The country's vocational education system should be modernised to provide quality skills training. Besides, employers have to be given support to create new job opportunities, they noted.
ActionAid Bangladesh and The Daily Star jointly organised the online discussion titled "Post-Covid-19 Youth Employment Projection in Bangladesh".
Anir Chowdhury, policy adviser at the government's Access to Information (a2i) programme, said the country needs to develop its vocational education system as a "first-class brand" to attract youths and their parents. At present, it is considered a "second-class brand".
The youths and their guardians will not feel attracted to vocational education if it is left in its present state, he said.
Kamran T Rahman, president of Bangladesh Employers' Federation, said the country needs to focus on creating demands for employment as soon as possible to overcome a recession-like situation.
To do so, a jumpstart is required, and the government needs to ensure that its stimulus packages reach the target groups of employers.

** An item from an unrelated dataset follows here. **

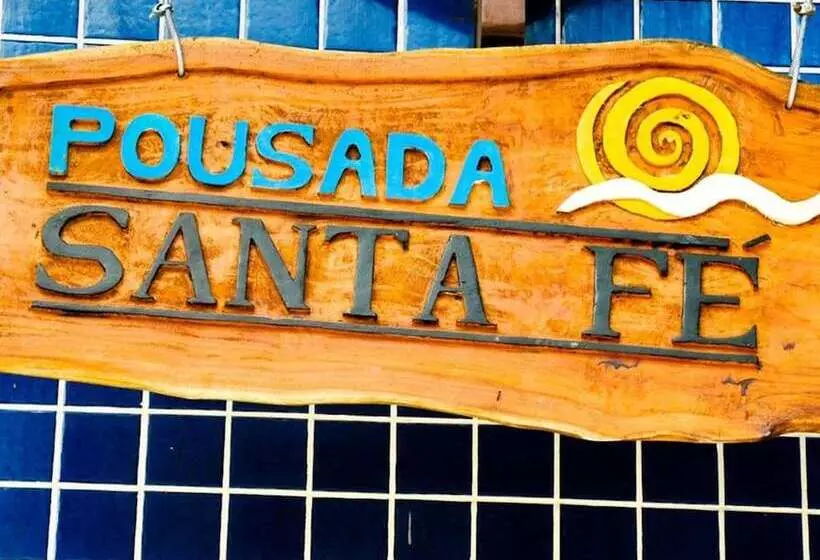 هتل Pousada Santa Fe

"The sooner we will be able to reach the target groups, the sooner we will be able to create job demands."
Since the country has a huge domestic market, focus should be given equally on it and the export-oriented sectors, Kamran added.
Shah Alam Majumder, specialist (course accreditation) at Bangladesh Technical Education Board, said the Covid pandemic has created scope for integration of the country's skills development activities.

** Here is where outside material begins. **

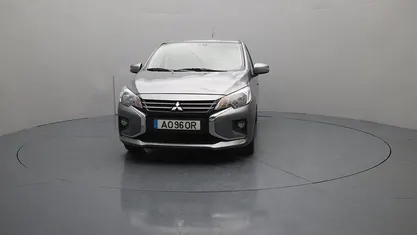 Usado 2022 Mitsubishi Space Star Intense | € 12.490 (Preço justo)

So far, the country's skills development activities have been conducted haphazardly without any national qualification framework, he mentioned.
Most of the countries have classified workforce pattern and national qualification framework, but such framework has not yet been developed in Bangladesh, he said.

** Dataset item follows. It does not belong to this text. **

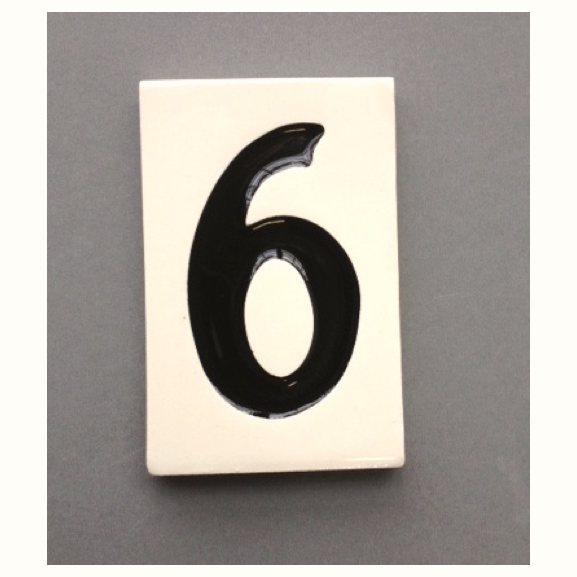 Ceramic Tile Portland House Numbers Hippo Hardware - House Numbering (577x577)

Alam, however, said Bangladesh has been implementing the national technical and vocational qualification framework since 2012.
Referring to a recent survey, Hatem Ali, deputy manager at ActionAid Bangladesh, said job advertisements on websites have dropped drastically amid the pandemic.
Besides, many of the migrant workers lost jobs overseas and returned home. Many more are at risk of losing jobs. The returnees are in uncertainty about their future, he said.
In his speech, Editor and Publisher of The Daily Star Mahfuz Anam said the newspaper believes in the notion that the future of Bangladesh is intertwined with that of its young population.
He said the newspaper will work for the wellbeing and development of the country's youth.
ActionAid Bangladesh Country Director Farah Kabir stressed the need for coordinated and collective efforts to make the most of the new opportunities that have come up due to the pandemic.
At the beginning of the online discussion, the organisers launched a microsite "Young People Igniting Transformation".
The site's contents will prioritise information on youth employment opportunities, infographics and selected expert opinions on youth participation amid the pandemic.
Mahfuz Anam and Farah Kabir made formal announcements on the microsite's launching.
Country Director of International Labour Organisation Tuomo Poutiainen; Chief Executive Officer of Light to Life Labib Tazone Utshab; President of D Engineers Club Somen Kanungo; Executive Director of UCEP Bangladesh Tahsinah Ahmed; and Executive Director of Awaaj Foundation Nazma Akter, among others, took part in the discussion.